Alligator Gar Not Effective Weapon Against Asian Carp, Says Biologist

Although they can reportedly reach up to 10 feet in length, adult alligator gars are generally four to six feet long, according to the U.S. Fish and Wildlife Service. Although they can reportedly reach up to 10 feet in length, adult alligator gars are generally four to six feet long, according to the U.S. Fish and Wildlife Service.

A spate of recent news articles have suggested that reintroducing a mammoth fish called the alligator gar into Illinois waterways may help protect Lake Michigan from the invasive Asian carp.

But not everyone believes this to be true, including Dan Stephenson, a longtime biologist and chief of fisheries at the Illinois Department of Natural Resources. That's the state agency that’s reintroducing the once-extinct alligator gar into Illinois’ waterways.

“We’re just trying to bring back an extirpated species, a native fish that was here once and we’d like to have them back,” Stephenson said. “There was never a thought in our minds at all about any kind of control on Asian carp.”

For one thing, Stephenson said, alligator gar are vastly outnumbered. Between 2010 and 2013, his team reintroduced nearly 6,000 young alligator gar into central and southern Illinois waterways, and plans to continue the project later this year. That sounds like a lot, but it's really no match for the burgeoning population of Asian carp, which is already established in the Mississippi and Illinois River basins.

“When we’re talking about Asian carp, we’re talking about tons of fish per river mile in all the rivers and streams in the state and we have thousands of miles of rivers and streams,” Stephenson said. “There’s maybe one or two alligator gar in a handful of streams in the state. There’s just no way a handful of fish can have any impact on tons and tons of Asian carp.”

And even though the alligator gar can reach nearly double the length of Asian carp, Stephenson said they simply can’t open their alligator-like snouts wide enough to eat most Asian carp. 

“The throat opening of an alligator gar is not very big,” Stephenson said.

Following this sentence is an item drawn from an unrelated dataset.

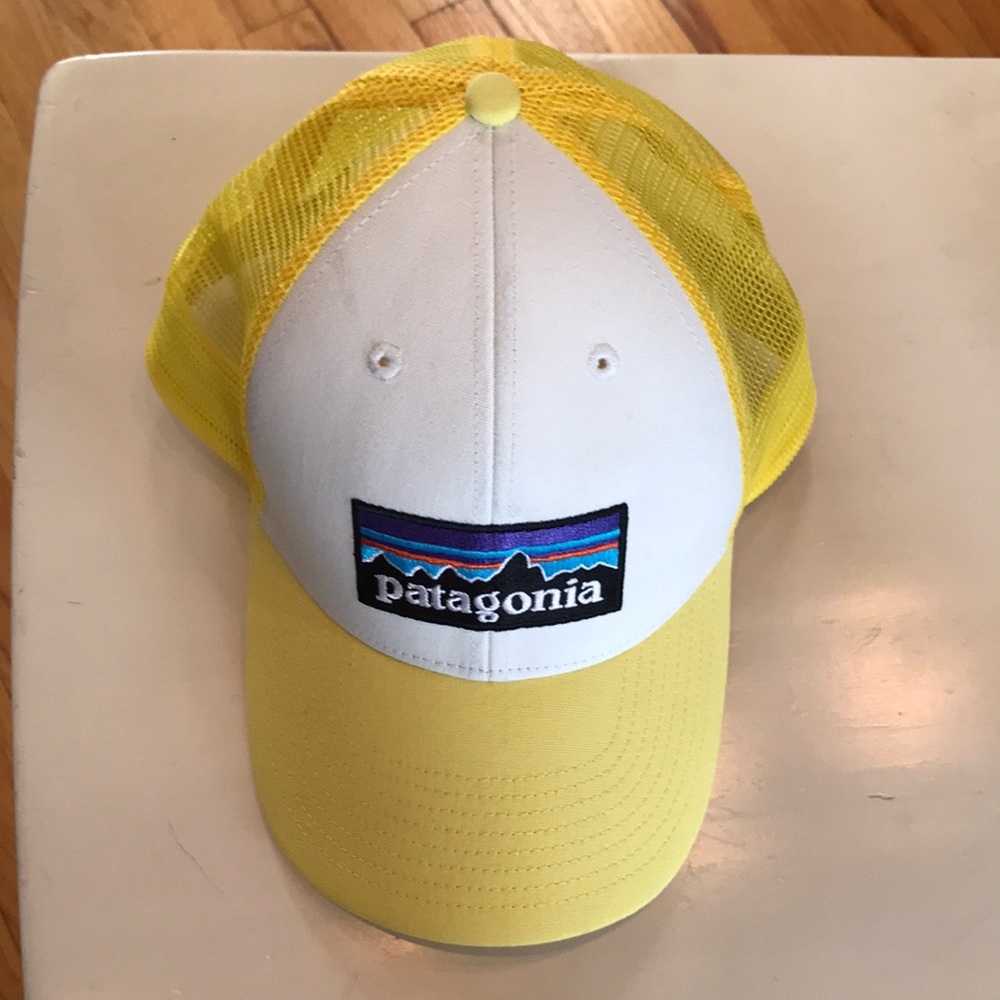 Patagonia hat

They seem to prefer gizzard shad, he said, a fish in the herring family that only grows about a foot long.

Additionally, female alligator gar don’t reach sexual maturity until they’re about 11 years old, while female bighead carp, a type of Asian carp, can start breeding at three years old. This biological head start gives another advantage to the invasive species.

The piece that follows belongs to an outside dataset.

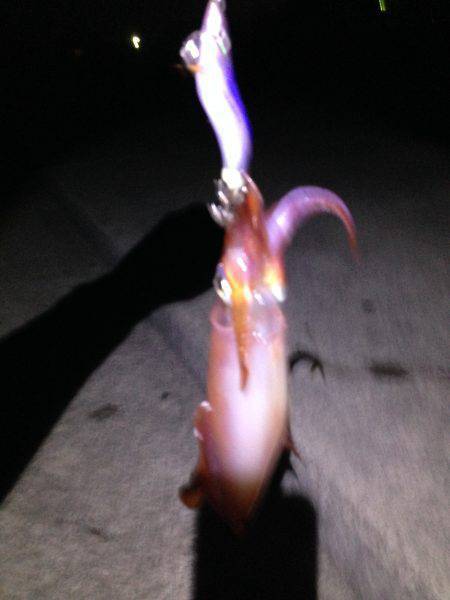 ケンサキ&アオリ!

Silver carp, a type of Asian carp, are known to leap several feet into the air when startled. (Jason Jenkins / Flickr)

So if the alligator gar isn’t the answer to keeping Asian carp out of the Great Lakes, what is? Stephenson thinks a market for human or animal consumption of the fish is the only way to control it.

While Chicagoans are more likely to find tuna, salmon and tilapia on local menus, Asian carp is still being put to use in the area.

Stephenson said the IDNR hires commercial fishermen to catch Asian carp and put out “miles and miles” of nets to deter their movement north into Lake Michigan.

Since 2010, the agency has sent roughly four million pounds of Asian carp they’ve caught to Schafer Fisheries, a seafood wholesaler located about 140 miles west of Chicago, which uses the fish from the IDNR to make liquid fertilizer for plants.

Schafer Fisheries also prepares Asian carp for human consumption in international markets. They sell the fish locally as well, although Asian carp is less popular here than abroad, according to WGNTV.com.

Chicago-based BareItAll Petfoods entered the industry in April 2015 with its line of dog treats containing Asian carp as the main protein ingredient.

Menus and pet food aside, the last line of defense against Asian carp entering Lake Michigan is a system that's already in place: electric barriers in the Chicago Sanitary and Shipping Canal about 25 miles downstream from the lake. Stephenson said as of yet, no Asian carp have been found past these barriers.